Records from a collection:
============================================================

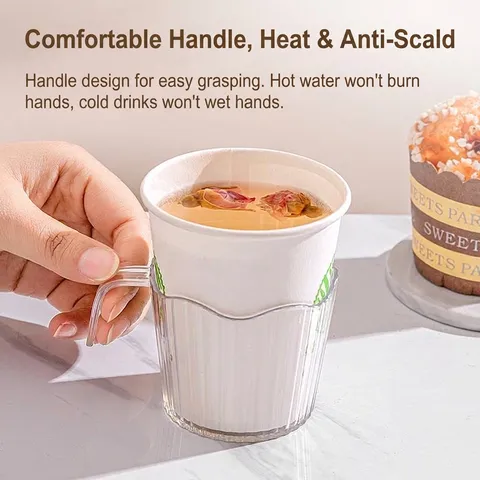 Portabicchieri Usa e Getta di Lusso in Plastica PET Custodia Isolante Termica Antiscotto Con Manico per Bicchieri di Carta Caffè Tè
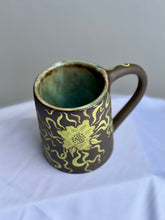 Dark Floral Classic Mug in Chartreuse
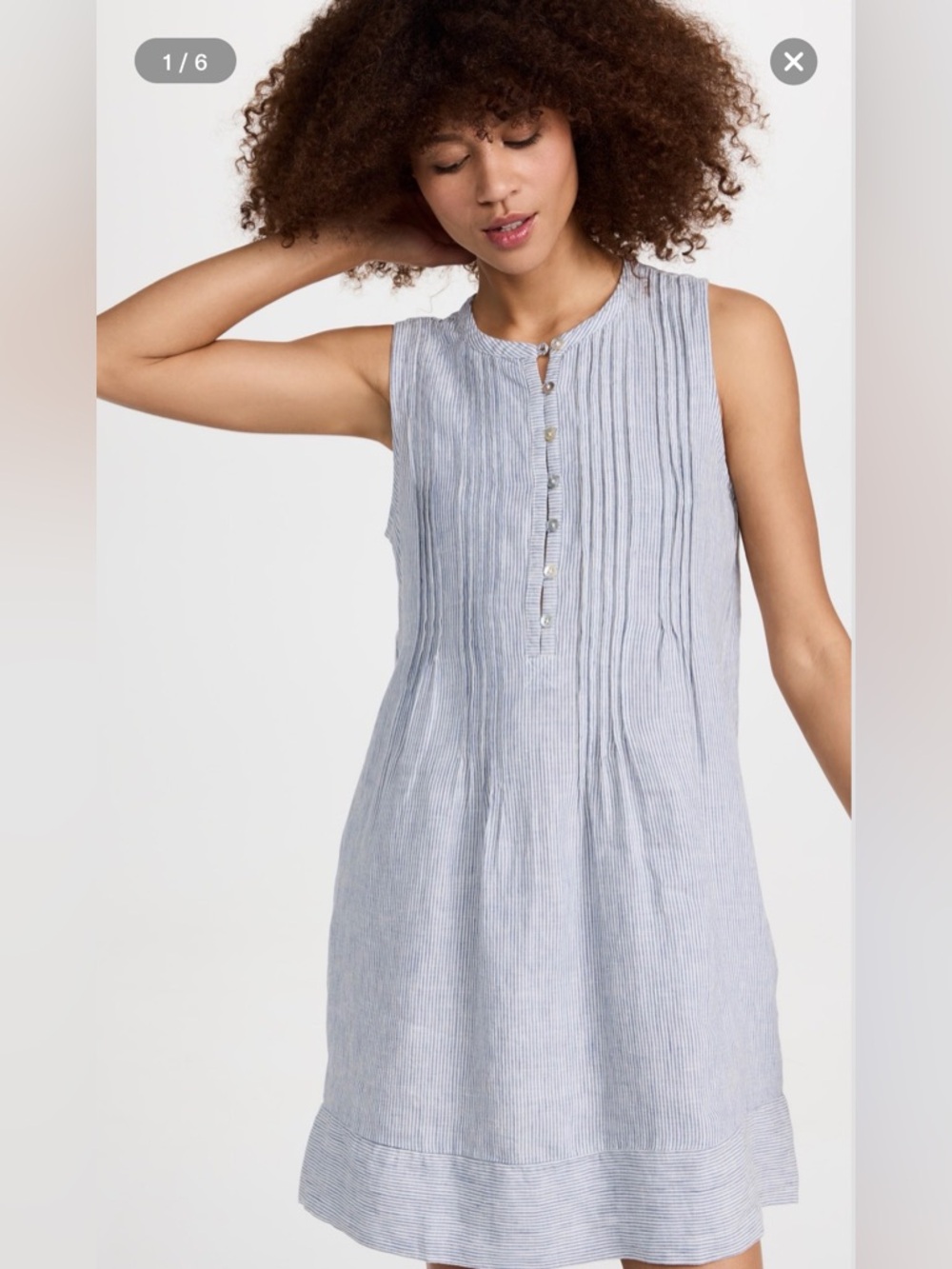 Faherty Isha Dress Blue Mini Stripe Sleeveless Button Front Size Small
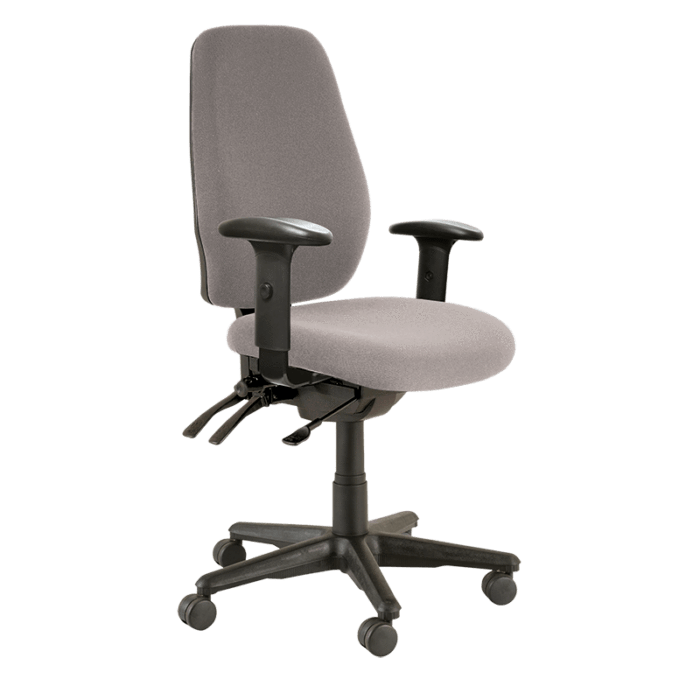 Buro Aura Ergo+ High Back Ergonomic Office Chair, with Armrest Charcoal / Black Nylon / Assembled - Delivery to commercial address BS119HB-62+180-3-AS-COM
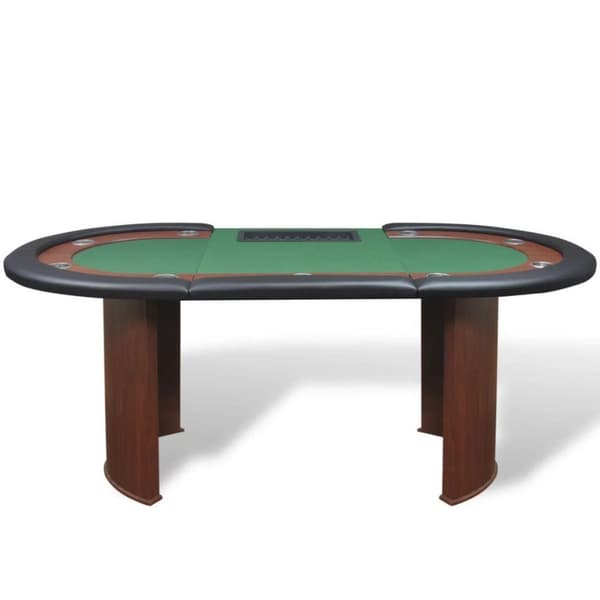 vidaXL Pokerbord för 10 spelare med dealerplats grön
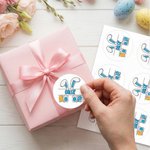 Personalized Cute Easter Bunny Ears Waterproof Stickers with Name Easter Day Gift Decoration Party Favors for Kids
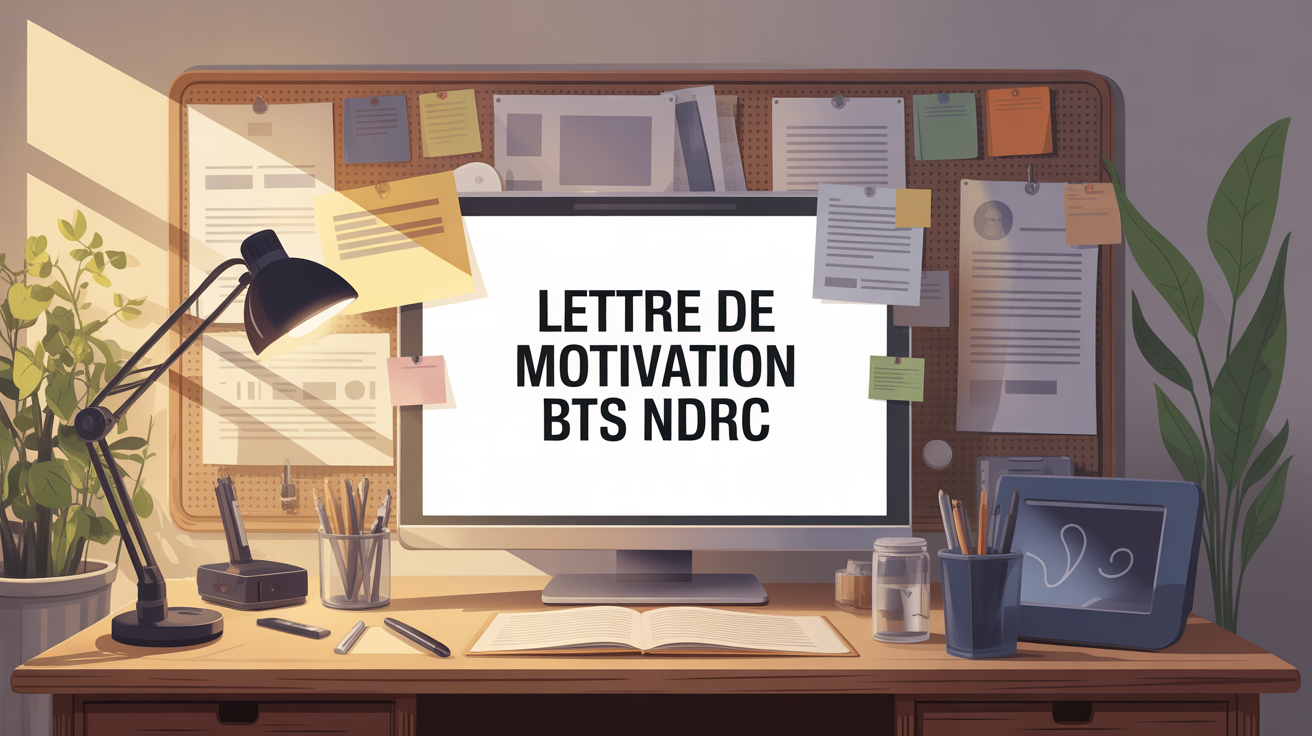 Bureau illustré avec texte lettre de motivation BTS NDRC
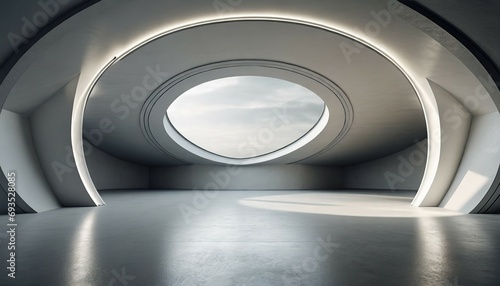 empty unfurnished futuristic round shape interior design room photo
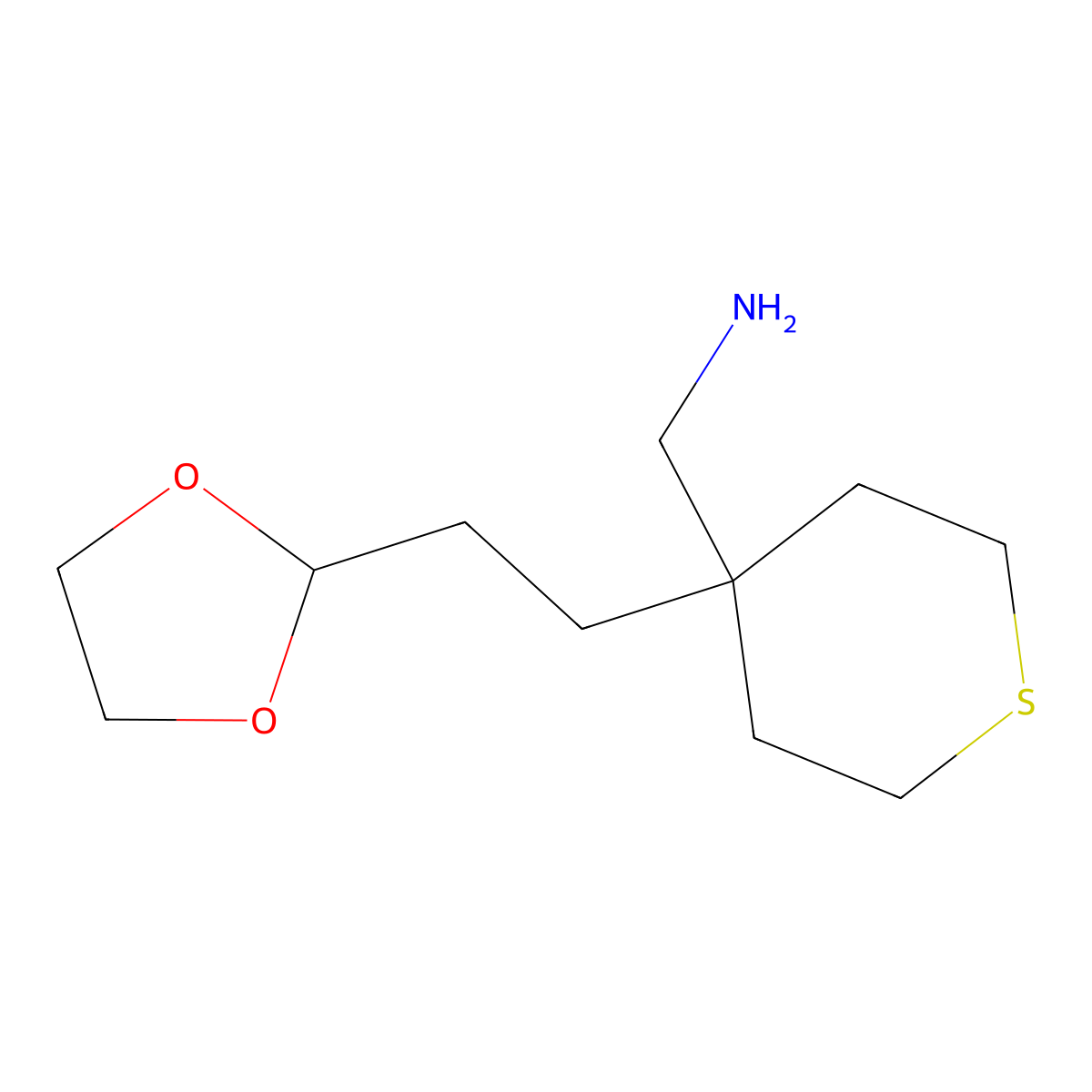1-{4-[2-(1,3-Dioxolan-2-yl)ethyl]thian-4-yl}methanamine molecular structure, CAS 2913242-69-8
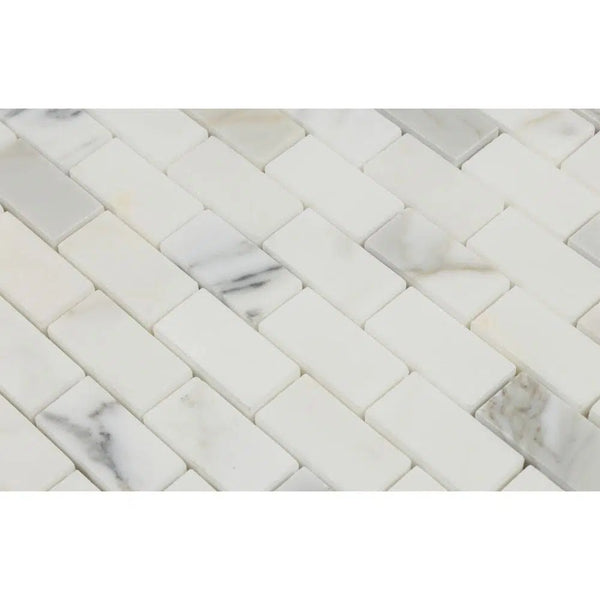 Calacatta Gold Italian Premium 1X2 Brick Mosaic Marble Tile Polished - Honed - SurfacesGalorePolished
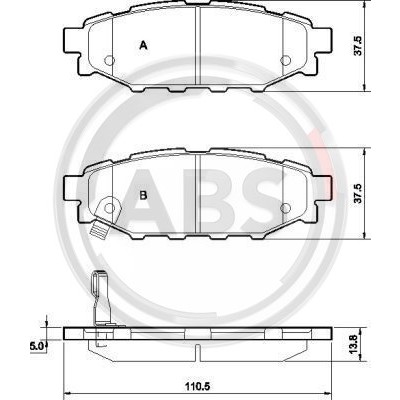 Слика на плочки A.B.S. 37499 за Subaru Legacy 4 2.0 R - 150 коњи бензин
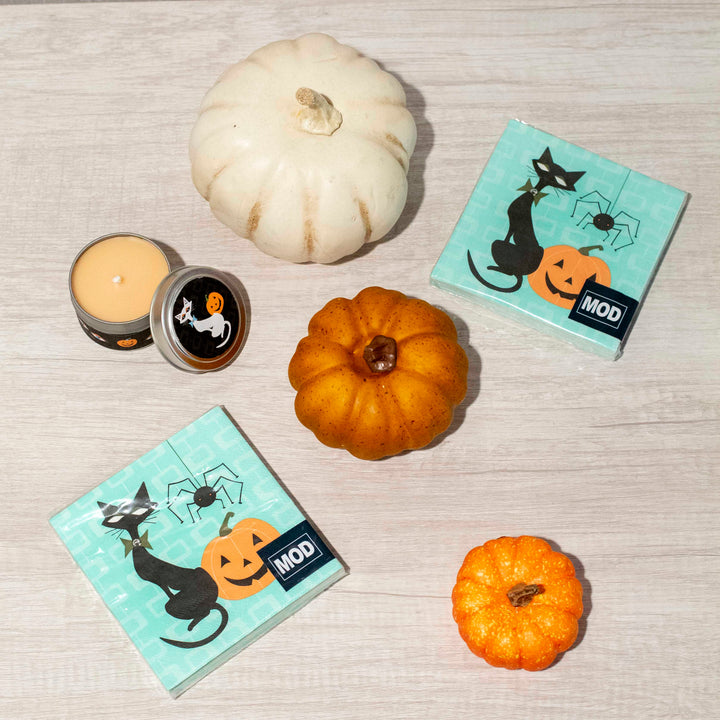 Black Cat Mid Century Halloween Cocktail Beverage Napkin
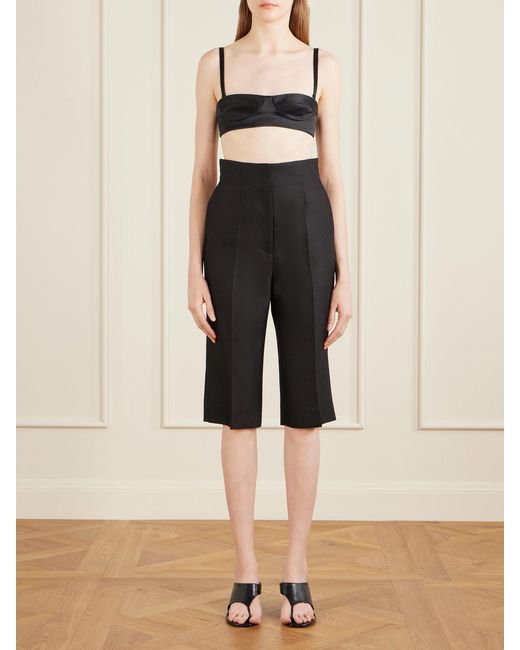 Khaite Black Selah Cotton-Blend Satin Bralette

============================================================

> **Problem requirements**
Print every record above exactly as written, leaving out the pictures.

> **Task answer**
 Portabicchieri Usa e Getta di Lusso in Plastica PET Custodia Isolante Termica Antiscotto Con Manico per Bicchieri di Carta Caffè Tè
 Dark Floral Classic Mug in Chartreuse
 Faherty Isha Dress Blue Mini Stripe Sleeveless Button Front Size Small
 Buro Aura Ergo+ High Back Ergonomic Office Chair, with Armrest Charcoal / Black Nylon / Assembled - Delivery to commercial address BS119HB-62+180-3-AS-COM
 vidaXL Pokerbord för 10 spelare med dealerplats grön
 Personalized Cute Easter Bunny Ears Waterproof Stickers with Name Easter Day Gift Decoration Party Favors for Kids
 Bureau illustré avec texte lettre de motivation BTS NDRC
 empty unfurnished futuristic round shape interior design room photo
1-{4-[2-(1,3-Dioxolan-2-yl)ethyl]thian-4-yl}methanamine molecular structure, CAS 2913242-69-8
 Calacatta Gold Italian Premium 1X2 Brick Mosaic Marble Tile Polished - Honed - SurfacesGalorePolished
 Слика на плочки A.B.S. 37499 за Subaru Legacy 4 2.0 R - 150 коњи бензин
 Black Cat Mid Century Halloween Cocktail Beverage Napkin
 Khaite Black Selah Cotton-Blend Satin Bralette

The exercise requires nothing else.